Il faut éviter les distorsions de concurrence dans nos négociations commerciales, à l'intérieur et à l'extérieur de l'Union européenne. Certains déplorent que nous importions des OGM. Cependant, nous avons mis en place un étiquetage obligatoire, de sorte que personne n'en consomme sans le savoir. Faisons confiance à notre système réglementaire. Il répond à une demande des citoyens et il a été voté par le Parlement. Si la réglementation française diverge de la réglementation européenne, c'est parce qu'il y a une préférence française collective pour la qualité alimentaire, et c'est aussi parce que le Parlement l'a voté.

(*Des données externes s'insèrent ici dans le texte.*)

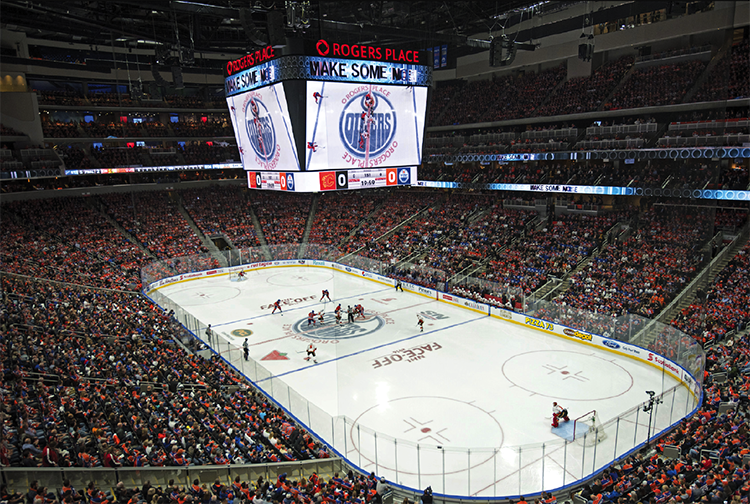 Rogers Place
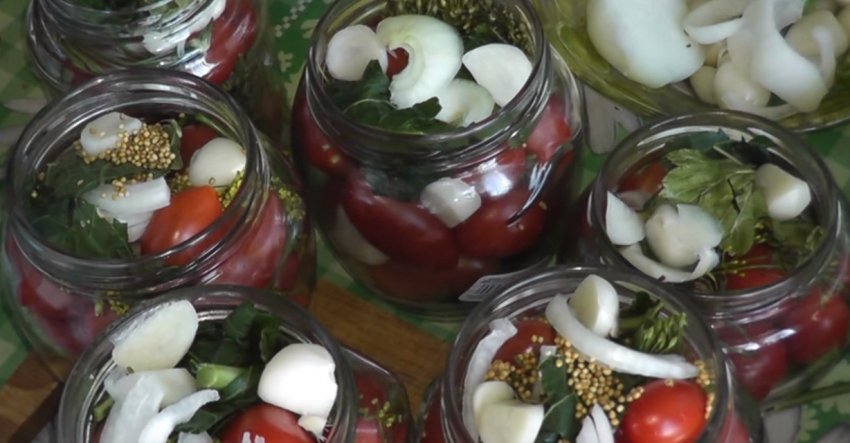 Рецепт приготування Рецепт приготування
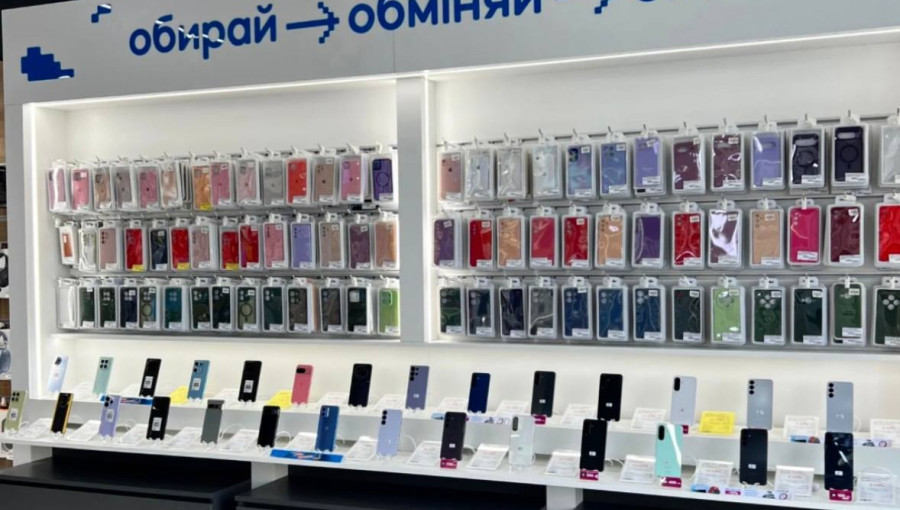 🎥 Знімай огляд нового магазину МТА та вигравай 10 000 грн!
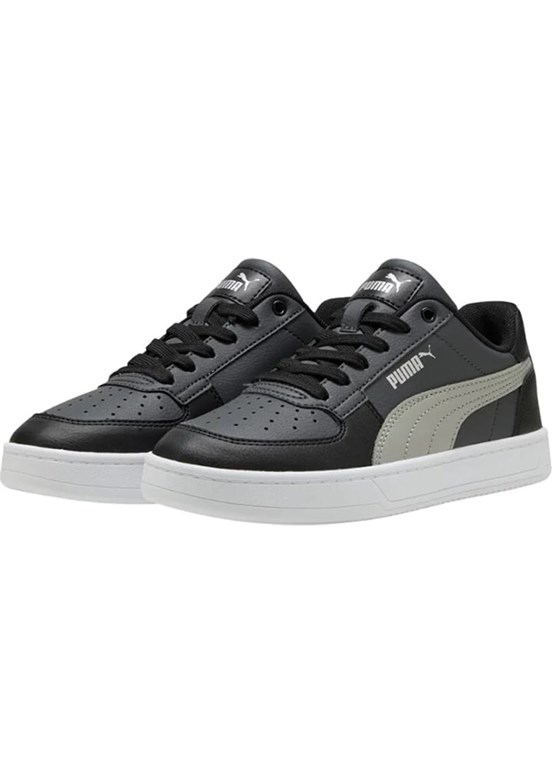 PUMA Çok Renkli Unisex Genç Caven 2.0 Jr Sneaker Ayakkabı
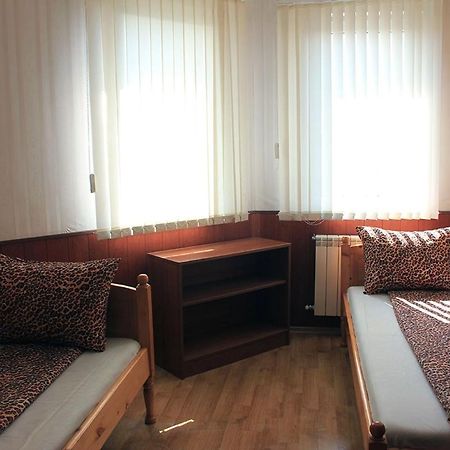 Osogovo Rooms София Экстерьер фото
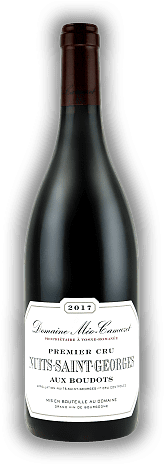 Méo-Camuzet, Nuits-Saint-Georges Aux Boudots, Pinot Noir, Premier Cru, 2017, Bourgogne rouge  Méo-Camuzet, Nuits-Saint-Georges Aux Boudots, Pinot Noir, Premier Cru, 2017, Bourgogne rouge   Jahrgang 2017 - 0,75	 Liter - Vol 13%
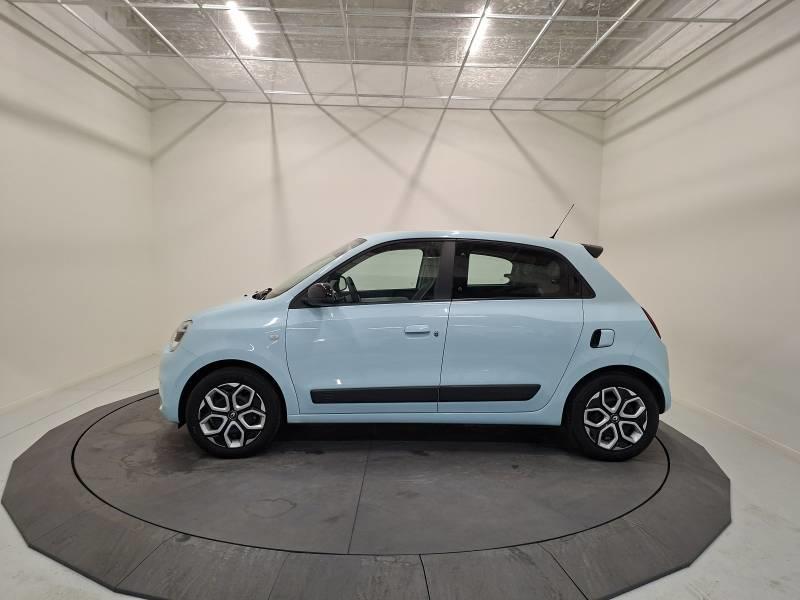 Renault Twingo III SCe 65 Equilibre
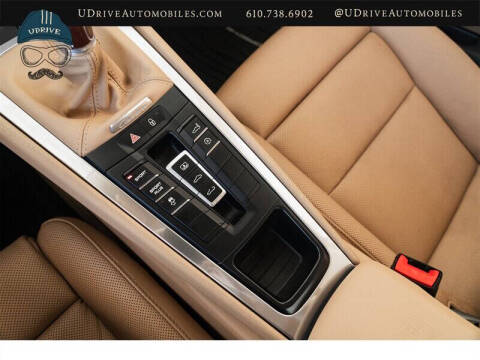 2013 Porsche 911 Carrera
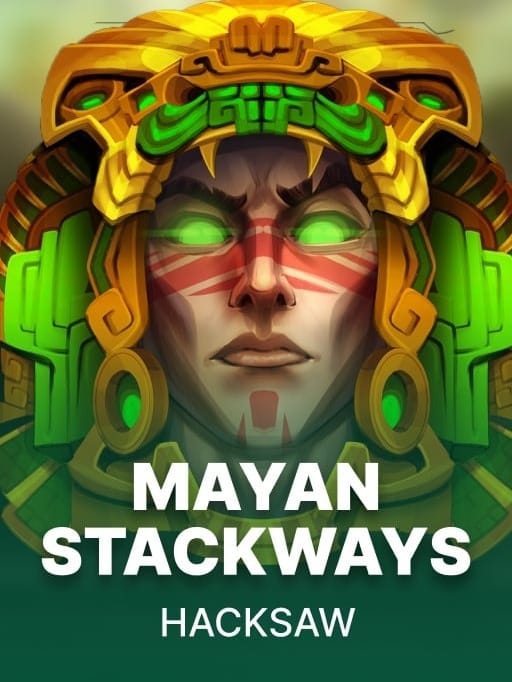 Mayan Stackways game thumbnail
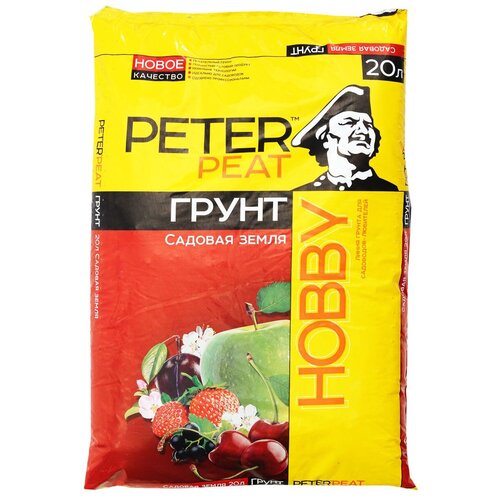    PETER PEAT  Hobby  , 20 , 7.2   -     , -,   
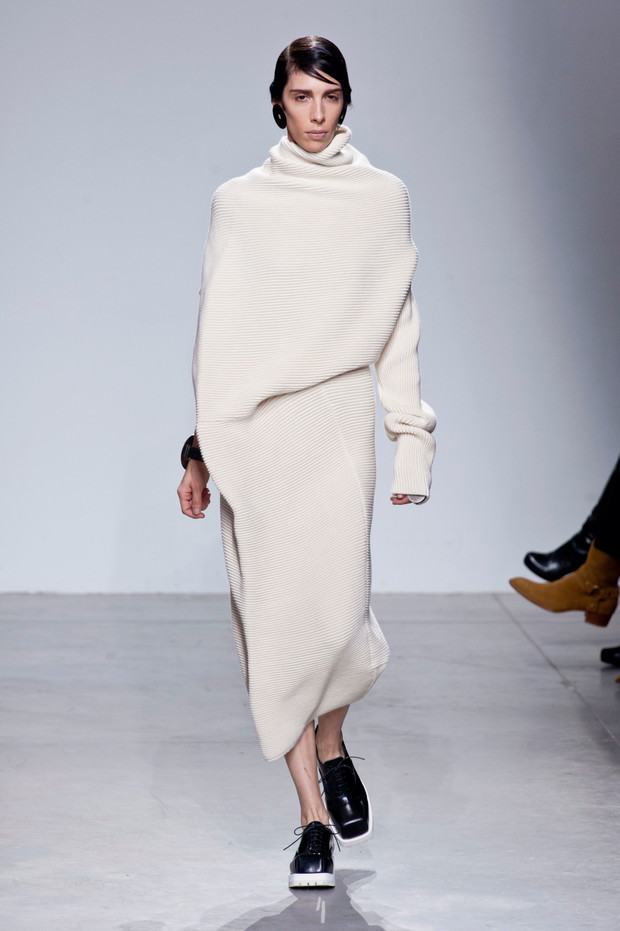 Acne jesień-zima 2014/2015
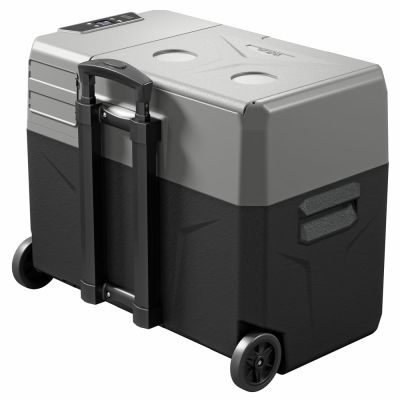 4. Przenośna Lodówka Kompresorowa Yolco BCX40 Grey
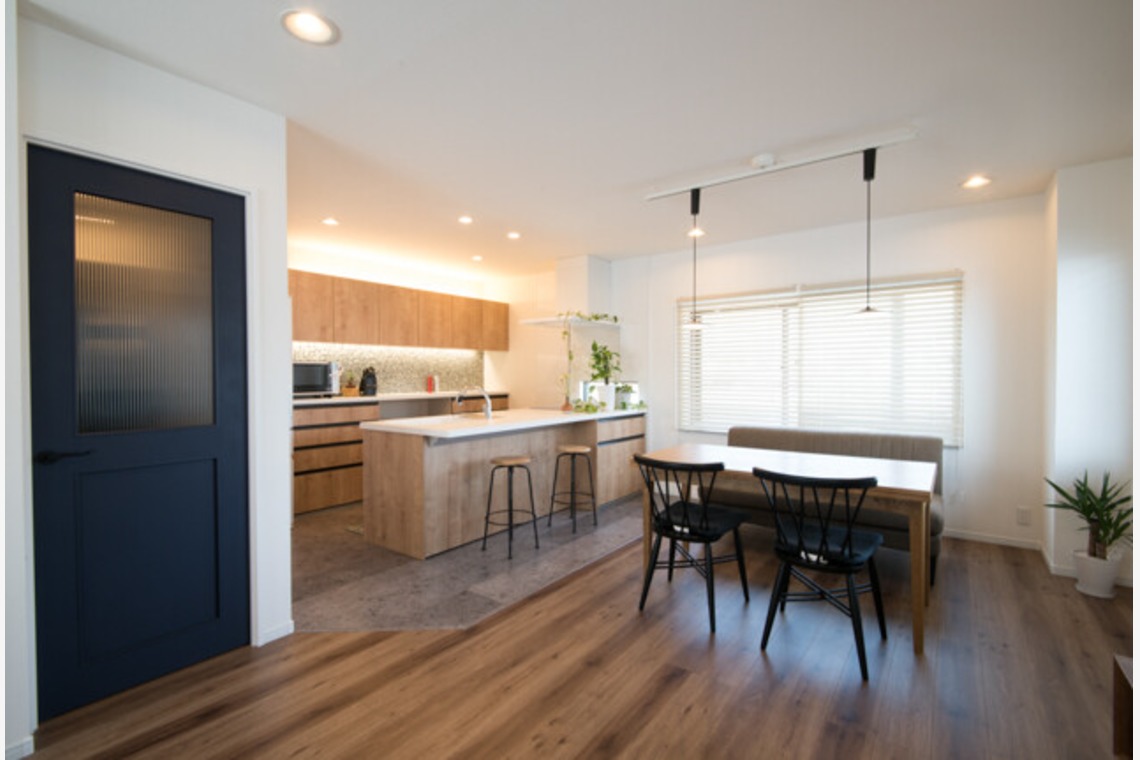 Feel’ｓPhotoが撮影した写真のアルバム「建物・内観」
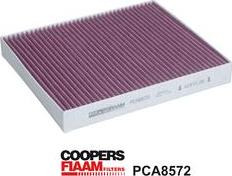 CoopersFiaam PCA8572 - Filtrs, Salona telpas gaiss autodraugiem.lv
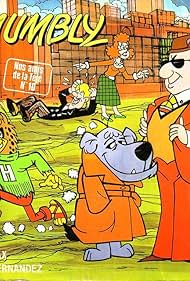 The Mumbly Cartoon Show (1976) watch-The Mumbly Cartoon Show (1976)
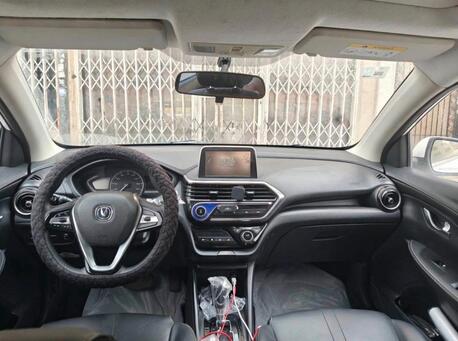 Riyadh, Vehicles, Cars & Trucks , SAR 23000,  2023 Changan Alsvin - Full Option,  2023,  Automatic,  116000 KM,  Changan Alsvin  - Full Option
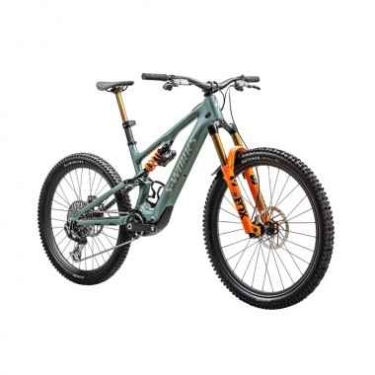 2025 SPECIALIZED S-WORKS TURBO LEVO SL LTD MOUNTAIN BIKE ~ KINGCYCLESPORT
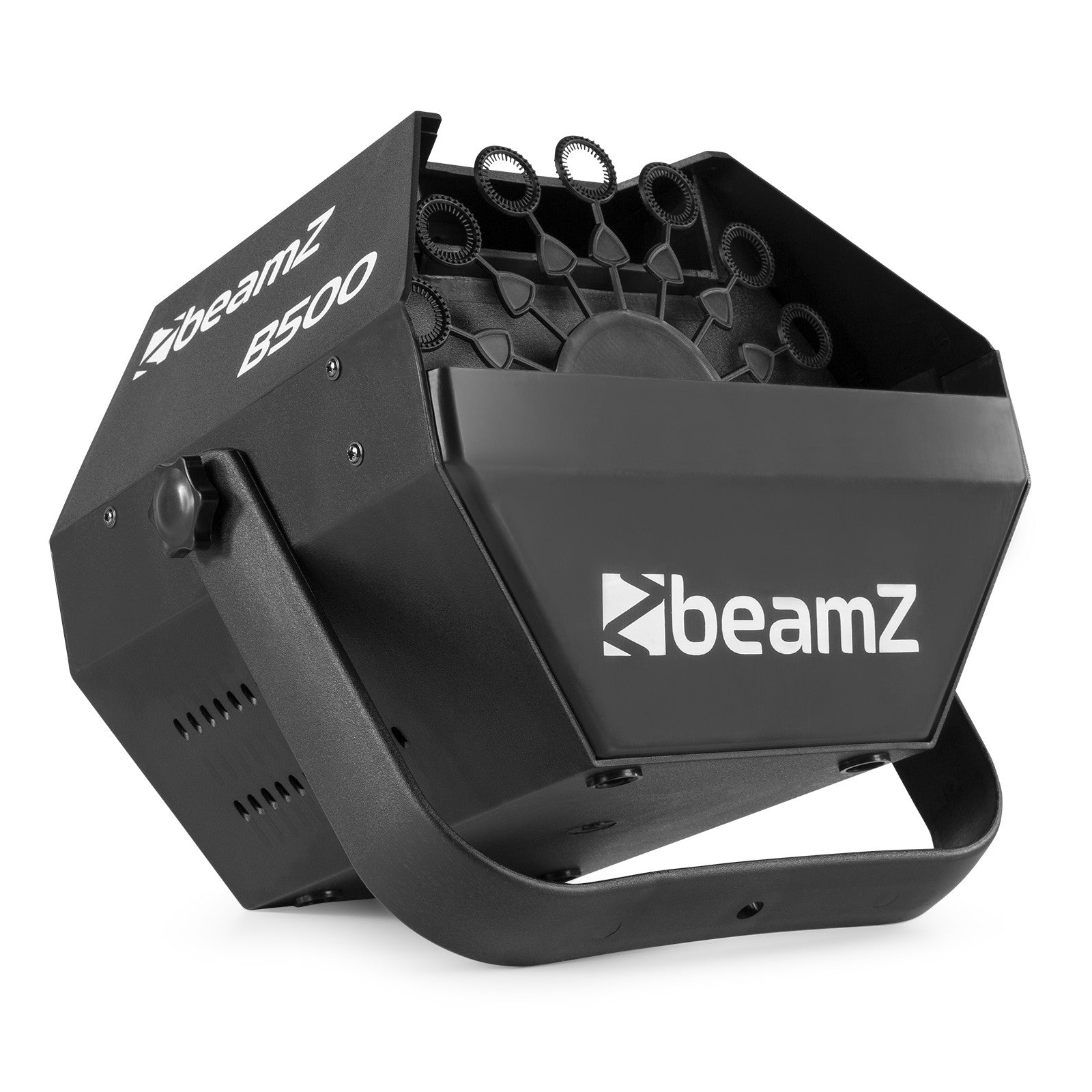 beamZ B500 - Maquina de burbujas Media - Tempo Shop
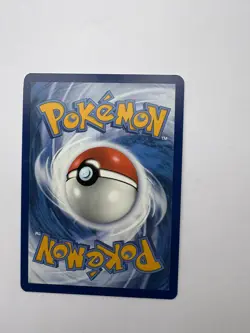 Pokemon Card Lapras GG05/GG70 Crown Zenith Full Art Holo Illustration Rare NM - Image 2
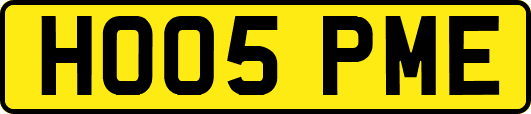 HO05PME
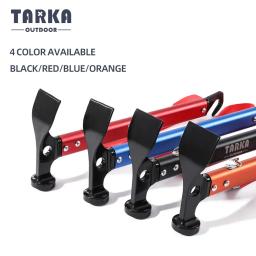 Tarka-martelo leve com cabeça de aço carbono, camping, barraca, peg, estacas, ferramenta ao ar livre, caminhadas, equipamentos de escalada - Image 4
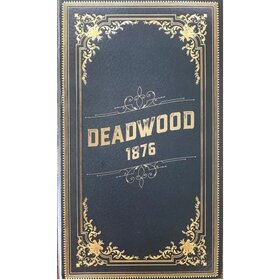 Facade Games Deadwood 1876 (EN)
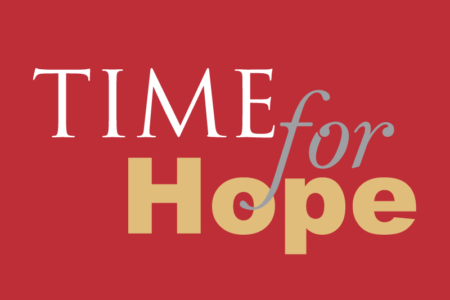 Time for Hope Concert Logo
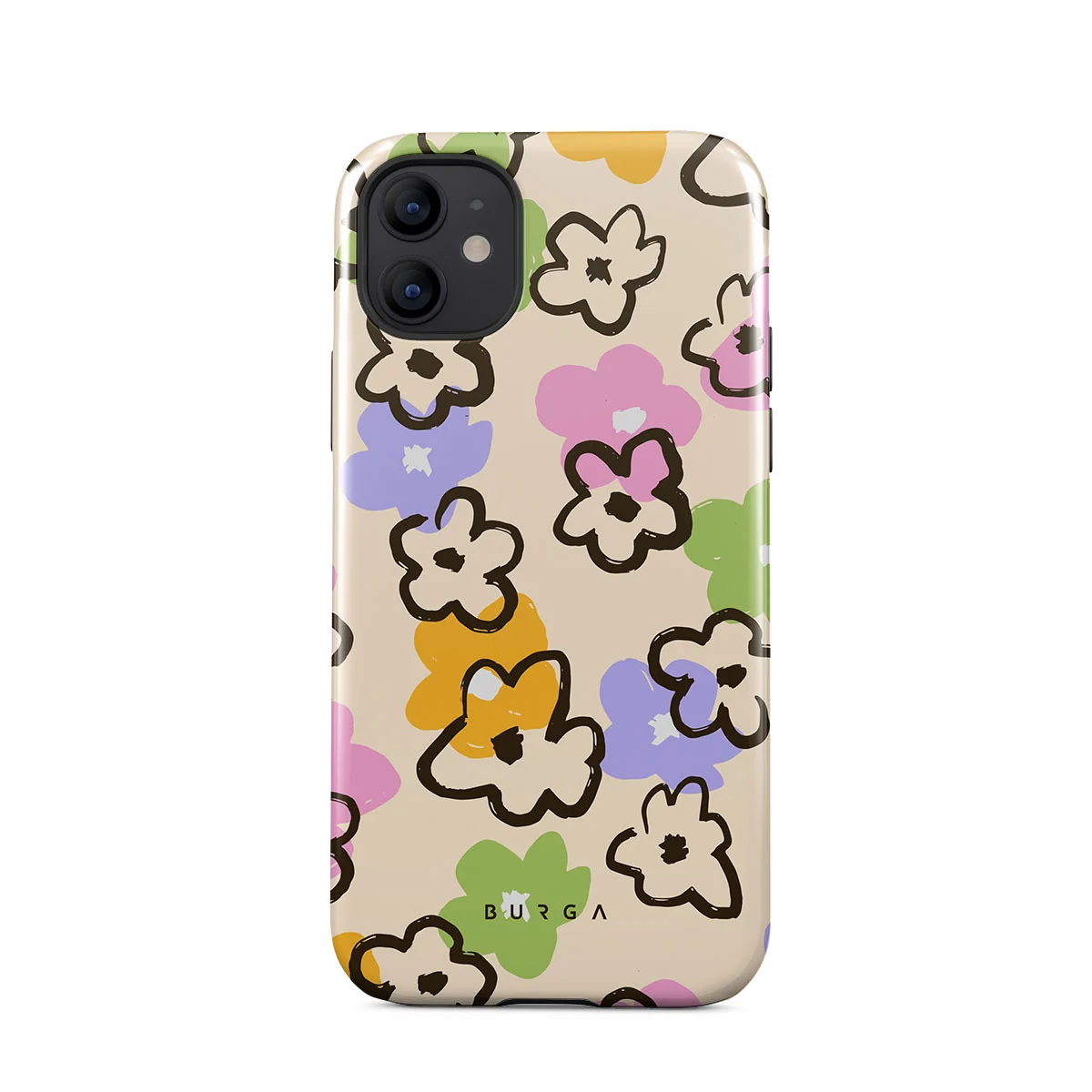 Good Vibes - iPhone 12 ケース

Madame Jourda, je sais que le dispositif compensatoire de handicap naturel vous tient à coeur. Nous avons refait une carte qui datait de 1976 et qui était par conséquent obsolète et indéfendable aux yeux de nos partenaires. Nous avons procédé sans clientélisme et selon le principe de continuité territoriale qui vous est cher, à juste titre. Le zonage futur est globalement plus favorable au niveau national, puisque 14 000 communes sont classées, avec près de 8 000 bénéficiaires potentiels supplémentaires. Nous sommes tout à fait conscients de la nécessité qu'il y a à accompagner les territoires et les agriculteurs qui sortiront du zonage à partir de 2019. Nous avons prévu deux années de transition pour lisser les effets de la réforme et éviter une fin brutale des indemnités.
Nous faisons preuve de beaucoup de vigilance sur les distorsions de concurrence à l'intérieur de l'Union européenne et sur le risque de renationalisation. Je suis assez d'accord avec vous, Monsieur le Président : c'est surtout la Direction générale AGRI qui bénéficiera de la simplification qui nous est proposée. Bruxelles se met hors de portée des critiques en renvoyant le travail vers les États membres. C'est un peu facile et si cela doit contribuer à créer 27 PAC différentes et concurrentes, ce n'est pas acceptable. D'où les débats que nous menons au sein de l'Union européenne.
Faisons aussi notre mea culpa national. Les difficultés de nos agriculteurs ne sont pas toujours imputables à Bruxelles. Elles sont aussi le fait des ratés de notre organisation, qu'il s'agisse de la distribution des fonds ou de nos systèmes d'information. À cela s'ajoute le retard que nous avons accumulé, en partie à cause de la situation objectivement très mauvaise dont nous avons hérité.